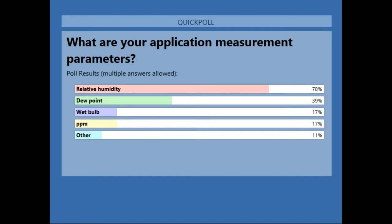Relative humidity is by far the most common parameter, followed by dew point, wet bulb, and PPM. Pretty common — every time we ask what parameter you're measuring, these are usually the results. And with that, let's go into the Q&A session.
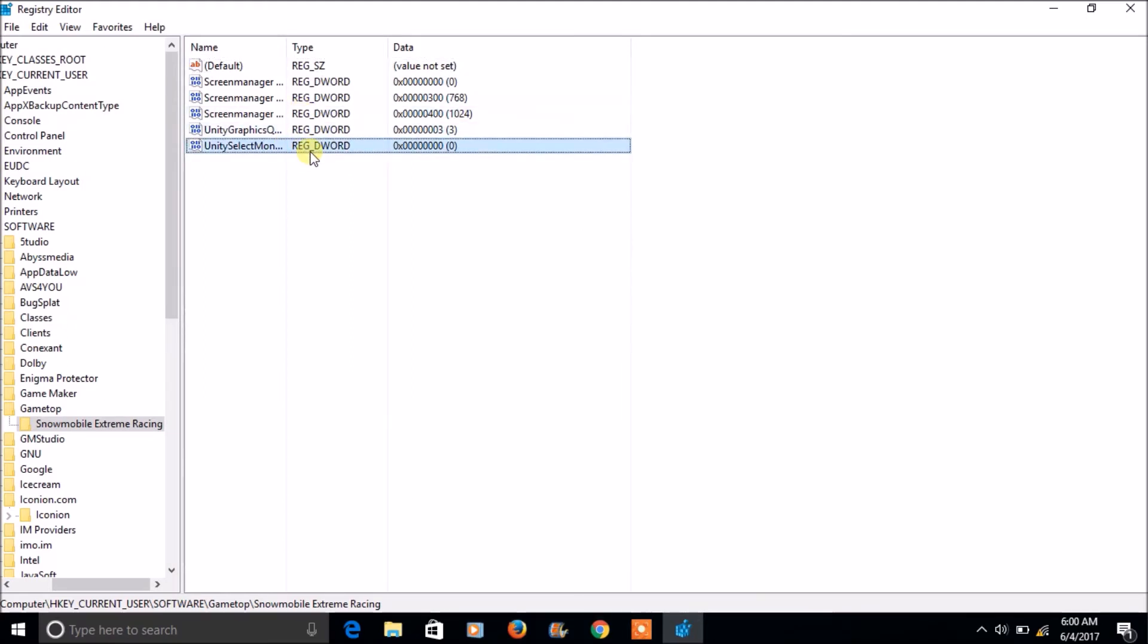So this is how you can have a backup of your registry keys and you can restore them at any moment of time. And I hope you have understood what is Windows registry backup and restore, and this is same for Windows 10, Windows 8, Windows 7, whatever the Windows platform may be, the backup and restore system is same.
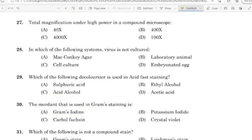27th question: The total magnification under high power in a compound microscope. Correct answer: Option B — 400X.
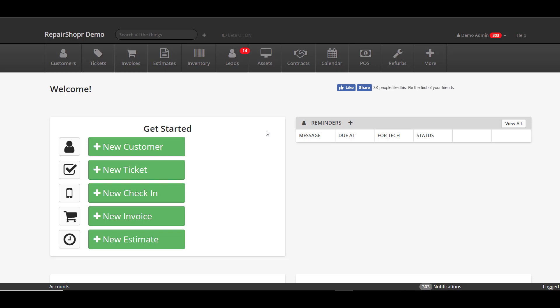We're covering updates to the ticket section, and I am super stoked to share everything with you. We're also gonna cover some contract updates as well that I think a lot of people are gonna be stoked about. So let's jump into some of these.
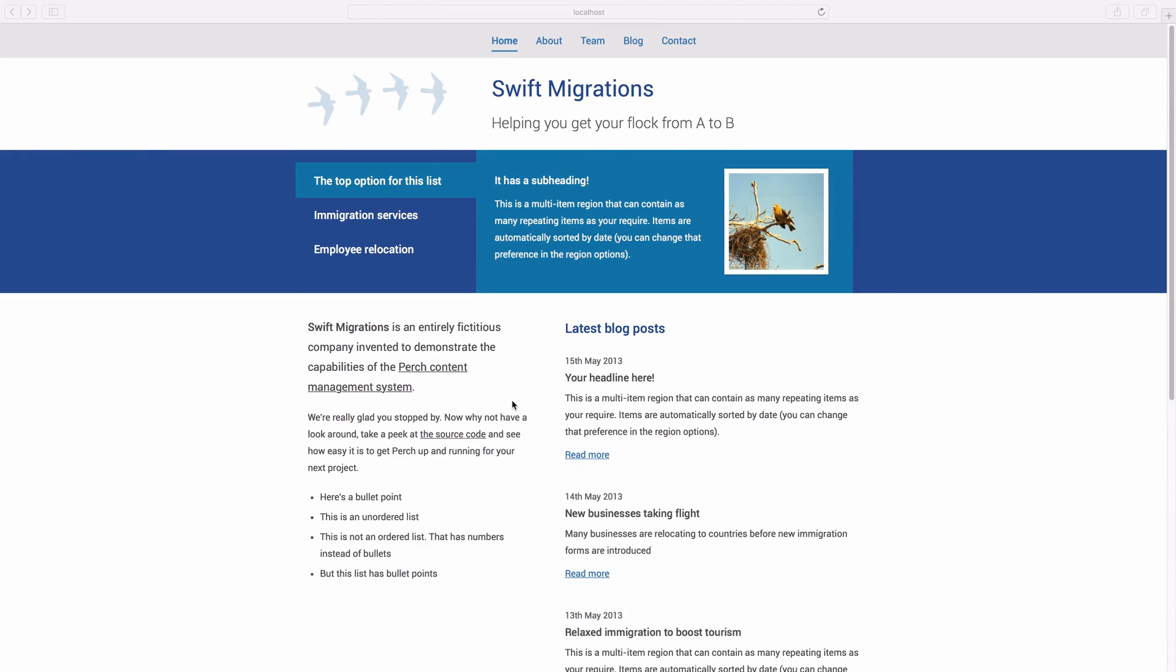In this video I'm going to show you how to install Perch. You download Perch from the Perch website and that will get you a zip file.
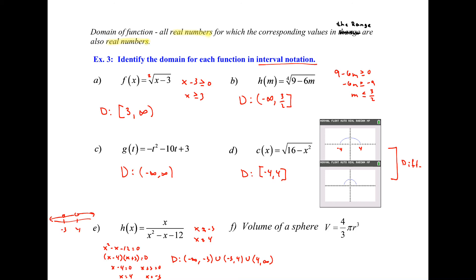The last one is the volume of a sphere: V equals four thirds pi r cubed. The independent variable is r. Can r be any number? No — a radius can't be negative or zero. So the domain is all values greater than zero, written as (0, ∞) with a parenthesis at zero because zero is not included. Those are a few examples of domain — hopefully that gives you a good start. Go through the same process with other function types.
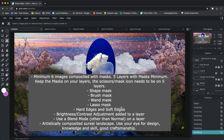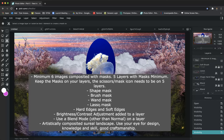I'm going to go through this whole project start to finish. I know a lot of us have already started but I'm going to restart and go through all the project requirements including new ones. Requirements are: minimum six images composited with masks, five layers need to have a mask minimum, keep the masks on your layers so the scissors mask icon should appear. You need to show a sheet mask, brush mask, wand, lasso, hard and soft edges, brightness/contrast adjustment, and a blend mode — all used to artistically composite a surreal landscape.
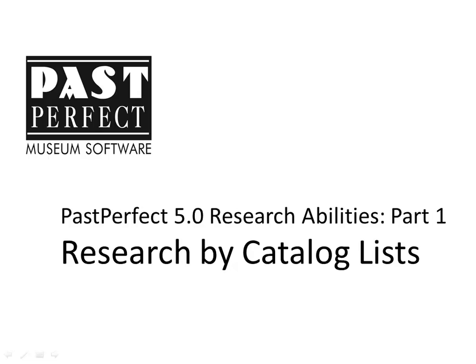Catalog lists are a powerful way to organize your collection records. Items can be added to a list through queries, individually from their record, or by using the other research options from the main menu.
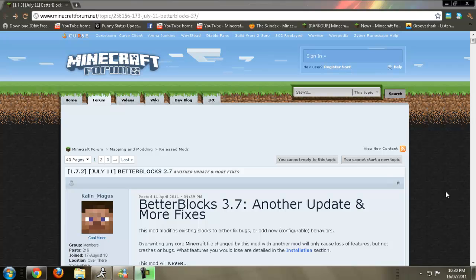What's going on everybody, Cougar here again, and today I had another install tutorial for you guys. I can't say that today.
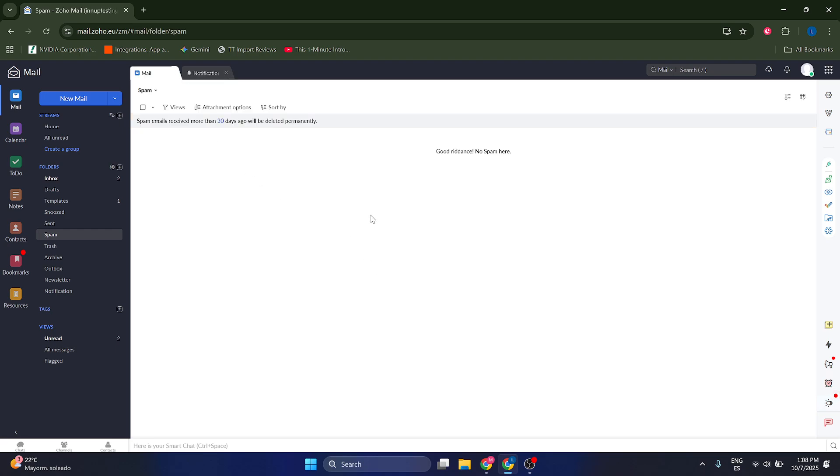Now if you are the one that is receiving the emails and they're going to spam for some reason and you don't want them to go to spam, I'm going to show you how you can do this.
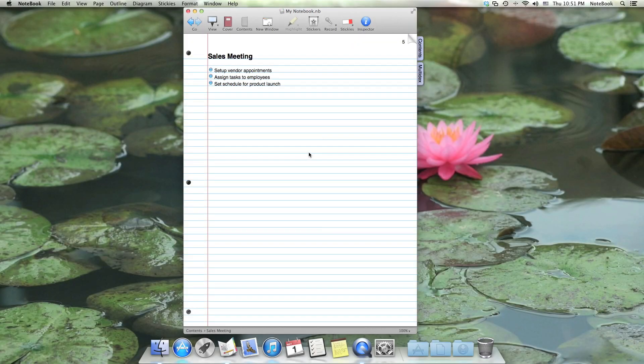Hello and welcome to Notebook. In this video, I'll talk a little bit about Notebook's user interface.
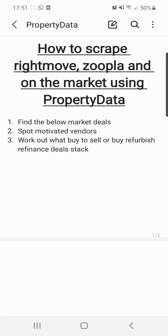It's Tristan here from Zebra Invest. I've just seen one of these posts that comes up all the time on the property forums on Facebook — how can you scrape Rightmove, Zoopla, or On The Market to get all of the property listings in your area? So I'm going to show you exactly that: how you can find that data and find the properties that are for rent or for sale, using Property Data.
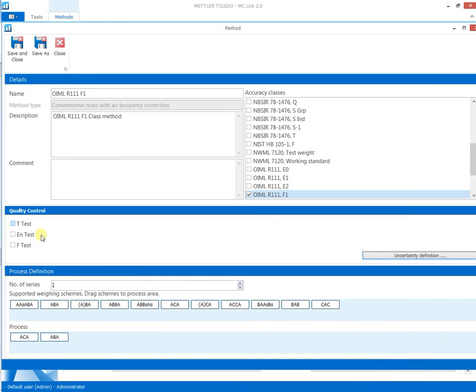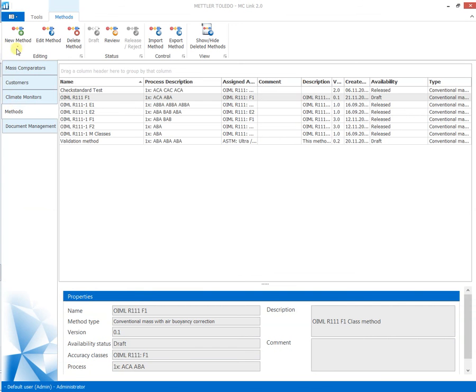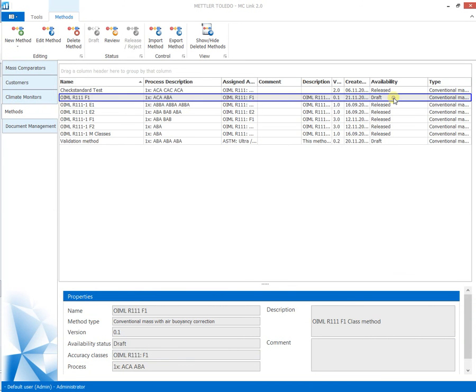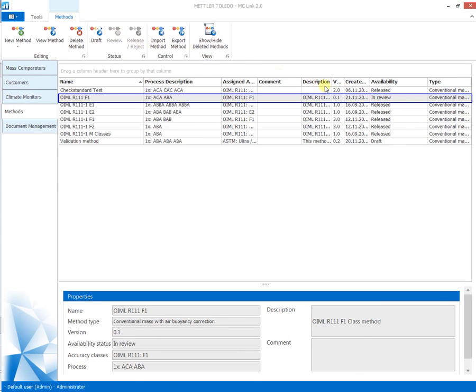The integrated quality assurance tools grant high data security at all times by evaluation of historical data in combination with actual process data. The generated method is to be released by another user with sufficient user rights, thus assuring full data security.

■ Exercise brief
Write out exactly, and only, the lines running from the line with "Now if you are" to the last line above, both included, with all pictures omitted.

■ Response box
Now if you are the one that is receiving the emails and they're going to spam for some reason and you don't want them to go to spam, I'm going to show you how you can do this.
Hello and welcome to Notebook. In this video, I'll talk a little bit about Notebook's user interface.
It's Tristan here from Zebra Invest. I've just seen one of these posts that comes up all the time on the property forums on Facebook — how can you scrape Rightmove, Zoopla, or On The Market to get all of the property listings in your area? So I'm going to show you exactly that: how you can find that data and find the properties that are for rent or for sale, using Property Data.
The integrated quality assurance tools grant high data security at all times by evaluation of historical data in combination with actual process data. The generated method is to be released by another user with sufficient user rights, thus assuring full data security.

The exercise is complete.